Concerning Catalonia (according to Eurostat and the Bank of Spain): 16% of Spain’s population live in Catalonia, and it produces: 25.6% of Spain’s exports , 19% of Spain’s GDP, and receives 20.7% of Spain’s foreign investment.
So, in 2010 (at the instigation of the rightist Popular Party), the Supreme Court in Madrid rescinded several provisions of the constitution, relating to Catalonia’s “semi-autonomous” status. After a number of protests, Catalonia held a referendum last October First. The central government stated that holding a referendum was illegal and sent in the Guardia Civil. Their violence was captured on many cell phones and by international reporters. The result was a 43% turnout (though an unknown number of ballot boxes were confiscated by the troops) of which 93% were said to be for independence.
The government said their constitution did not provide for this and the courts ordered the arrest of about a dozen Catalonian politicians. Several were already in Brussels, so European Arrest Warrants were issued (these have since been withdrawn). All but two of the other arrestees have been bailed.
Madrid disbanded the Catalonian government and called for a new election, for 21 December.
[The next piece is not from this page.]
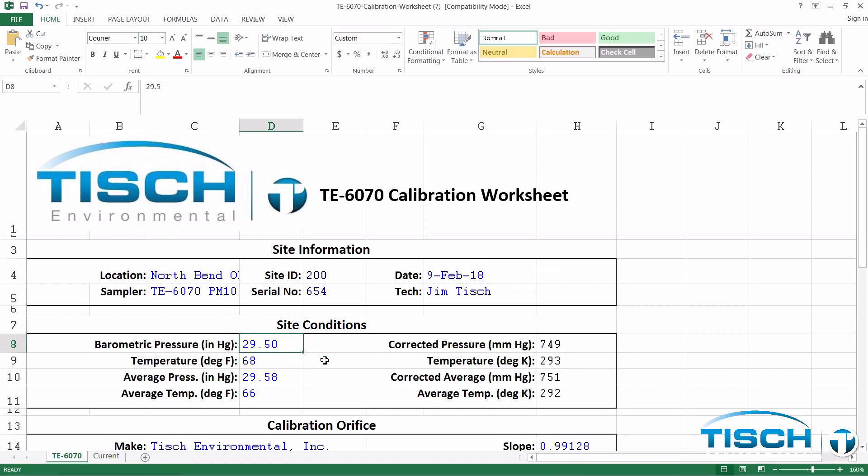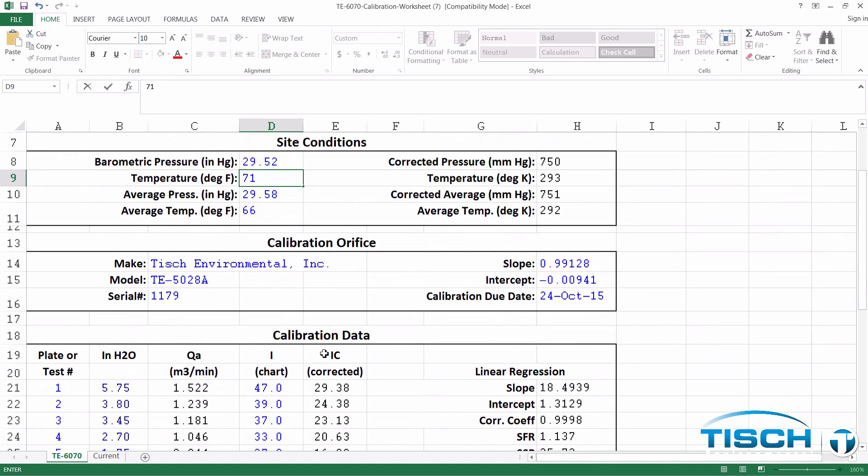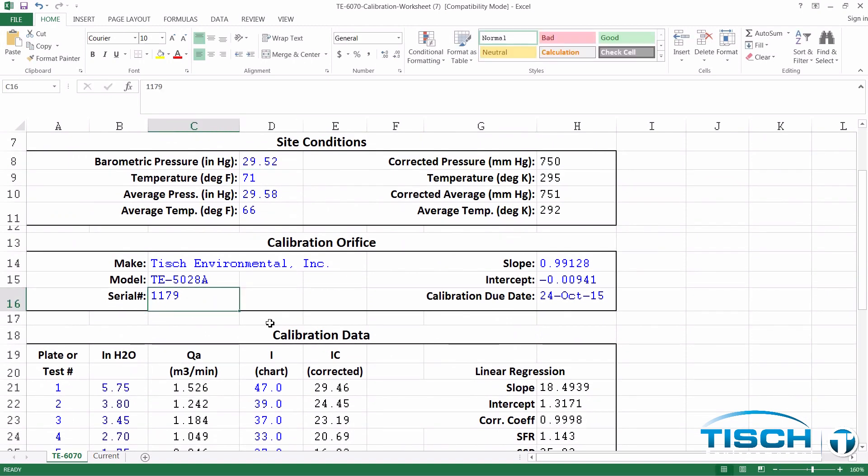Then you'll enter the barometric pressure in inches of mercury. In our example, it was 29.52 and our temperature was 71 degrees. Scroll down to Calibration Orifice and enter in your model and serial number. In our example, our serial number of our calibrator is 2870. Enter in the Q-actual slope and intercept from the calibration certificate. Our slope is 1.03680 and our intercept is negative 0.02696. You'll enter the calibrator's due date, which is February 9th of 2019.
On that day, 4.5 million voters cast their ballots, 86% of those eligible.
And … Prime Minister Mariano Rajoy has been snubbed.
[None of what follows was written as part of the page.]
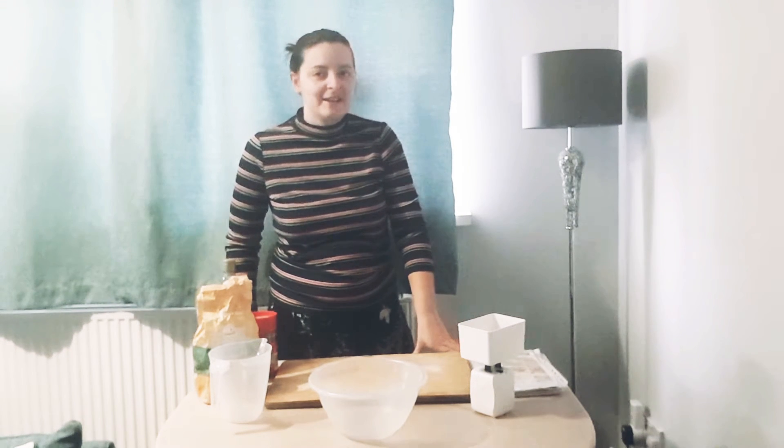Hello everyone and welcome back to Planet Chloe. I'm Chloe and I'm here to give you some eco-friendly tips that you can use at home to help the planet and live a better lifestyle.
There are 135 seats in the Catalonian parliament, with seven parties vying for them. Three of the parties are clearly pro-independence (Together for Catalonia, the Republican Left, and Popular Unity, which is also anti-EU). The Citizens, the Socialists and the Popular Party are pro-Spain. The “In Common We Can” party is in the middle.
“It seems that pro-independence parties have big chances to keep the absolute majority of seats in the Catalan parliament, in the new parliament which in the face of repression, in the face of having candidates in jail and in exile, after all we have been through these last weeks it seems to us a very, very good result,” Jordi Sole, an MEP for Catalonia’s ERC said.
The three pro-independence parties won 70 of the 135 seats. The Citizens Party became the largest bloc with 35 seats. Rajoy’s PP took four, fewer than the seven it won in 2015.
Carles Puigdemont, the sacked president of the Spanish region of Catalonia has said that tonight’s result “shows that the Catalan people have won the right to be listened to”. He told a news conference in Brussels that the Catalan regional election was a victory for separatist parties “which no-one can dispute”.
Just what Rajoy’s next move will be is unclear.